Over the weekend we spoke to students on campus to gauge their reaction to the story.  Although almost half of those surveyed felt that Miss Swo should remain in her position as Welfare, Community and Diversity Officer, most did feel that a line had been crossed and there should be consequences for her actions. On the whole however, there is a large amount of sympathy felt for Miss Swo, with many students of the idea that “we all make mistakes, particularly after a few drinks.”

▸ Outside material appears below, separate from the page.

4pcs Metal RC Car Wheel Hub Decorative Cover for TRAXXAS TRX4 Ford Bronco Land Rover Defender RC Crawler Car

With conflicting motions about to be discussed at council, there is confusion over the future of Miss Swo’s position at the SU. 62 percent of students we spoke to said that did not understand how union council works and, having spent most of the weekend trying to decipher the union bylaws, I don’t entirely blame them. As it currently stands, both a motion of no confidence and a motion to censure Miss Swo have been proposed for discussion.

As these motions have entirely conflicting consequences, the proposers of both motions may meet before council to decide which is a more appropriate course of action. Should this prove fruitless, the censure motion becomes an amendment to the no confidence motion, which will then be debated first. If this censure amendment is approved, then if the no confidence motion passes, it will be passed as a censure motion rather than a no confidence motion. In order for the no confidence motion to be passed, it now has to win two votes in its favour, the latter of which needs to be more than 75 percent. Confused yet? Me too.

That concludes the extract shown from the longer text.